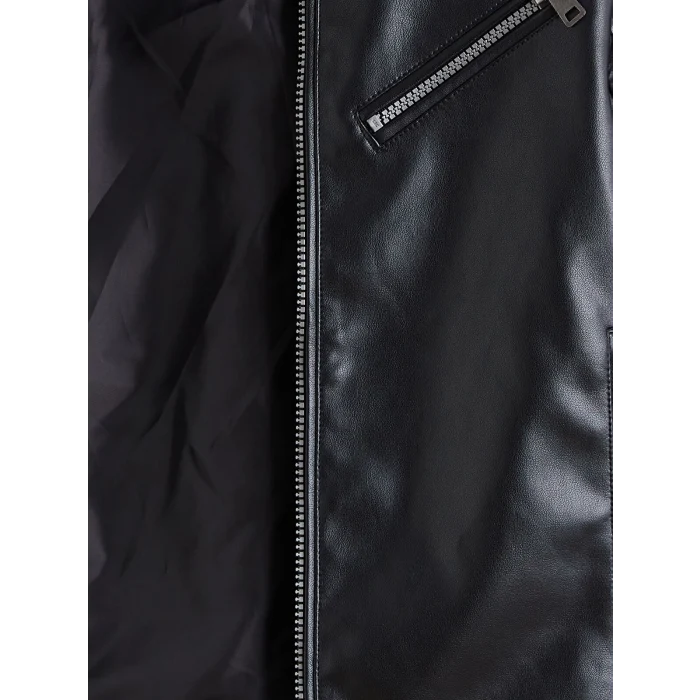 LCW Kids Siyah Deri Görünümlü Erkek Çocuk Mont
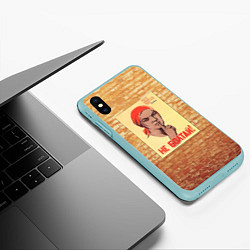 Чехол iPhone XS Max матовый Плакат СССР 1, цвет: 3D-мятный — фото 2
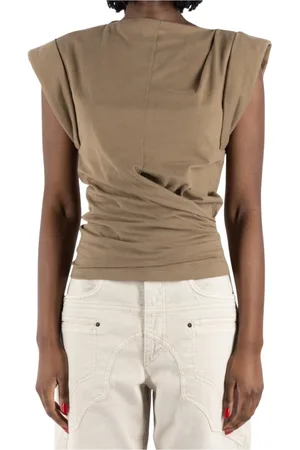 Isabel Marant Tops, Dames, Bruin, S, Katoen, Khaki Licht Katoenen T-Shirt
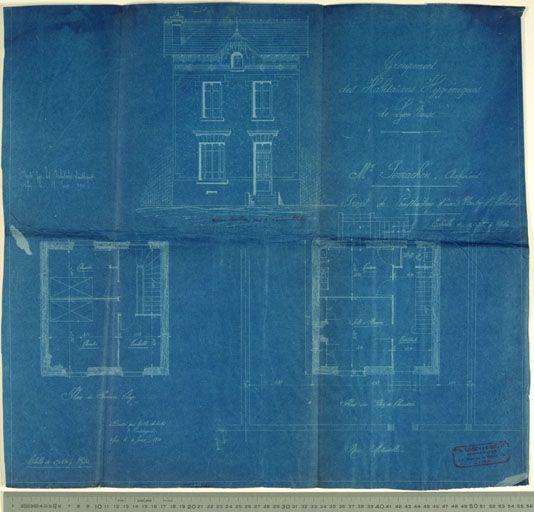 314 WP 1910 permis 527, plans, façade d'une maison individuelle au 24 rue Littré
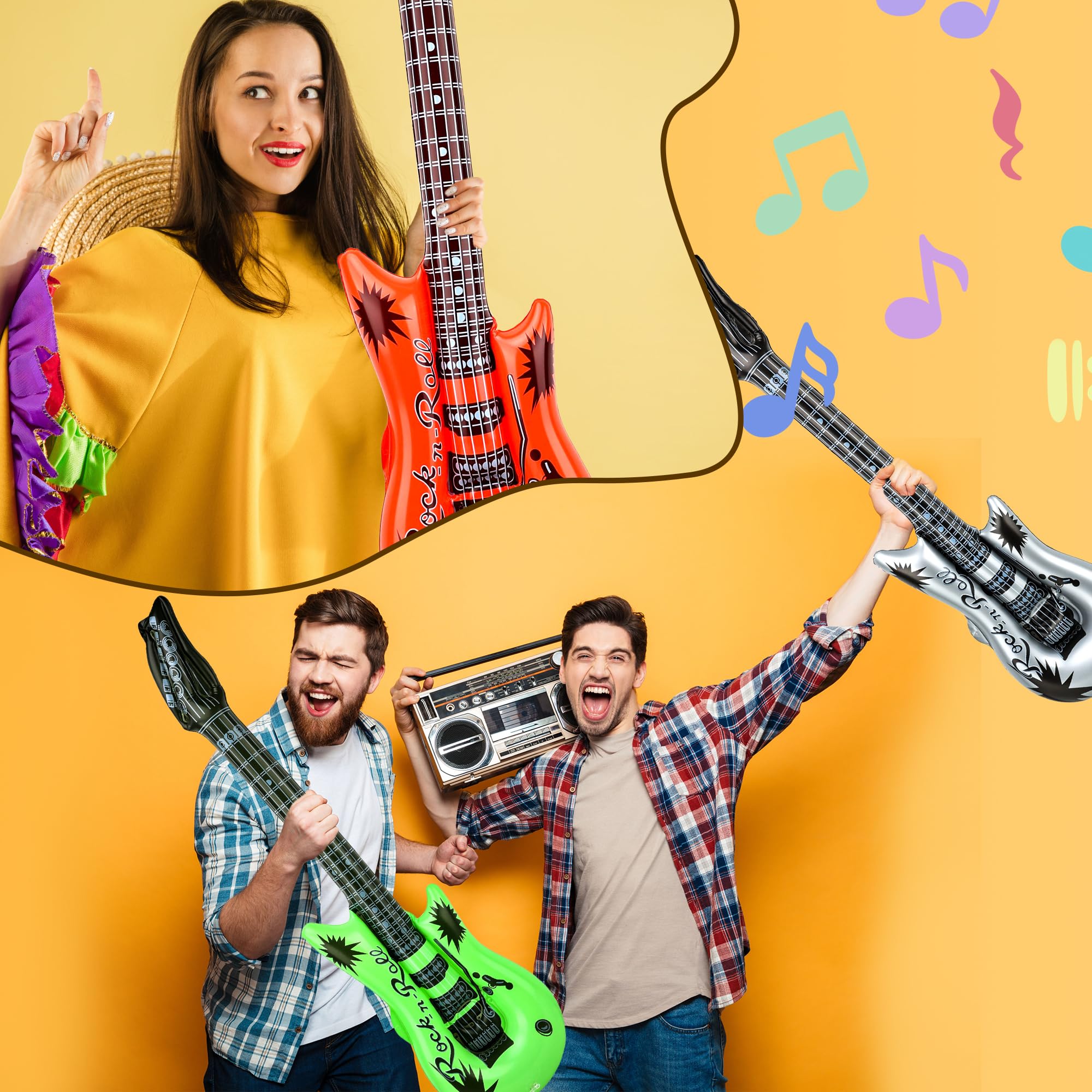 Paquete de 38 juguetes inflables de estrella de rock, incluye 18 piezas de guitarra inflable y 18 micrófonos inflables a granel y 2 bombas de aire para fiesta temática de conciertos musicales 6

» WORK TO BE COMPLETED: Reproduce the listing exactly, but keep its images out of the copy.

» OUTPUT BELOW:
 LCW Kids Siyah Deri Görünümlü Erkek Çocuk Mont
 Чехол iPhone XS Max матовый Плакат СССР 1, цвет: 3D-мятный — фото 2
 Isabel Marant Tops, Dames, Bruin, S, Katoen, Khaki Licht Katoenen T-Shirt
 314 WP 1910 permis 527, plans, façade d'une maison individuelle au 24 rue Littré
 Paquete de 38 juguetes inflables de estrella de rock, incluye 18 piezas de guitarra inflable y 18 micrófonos inflables a granel y 2 bombas de aire para fiesta temática de conciertos musicales 6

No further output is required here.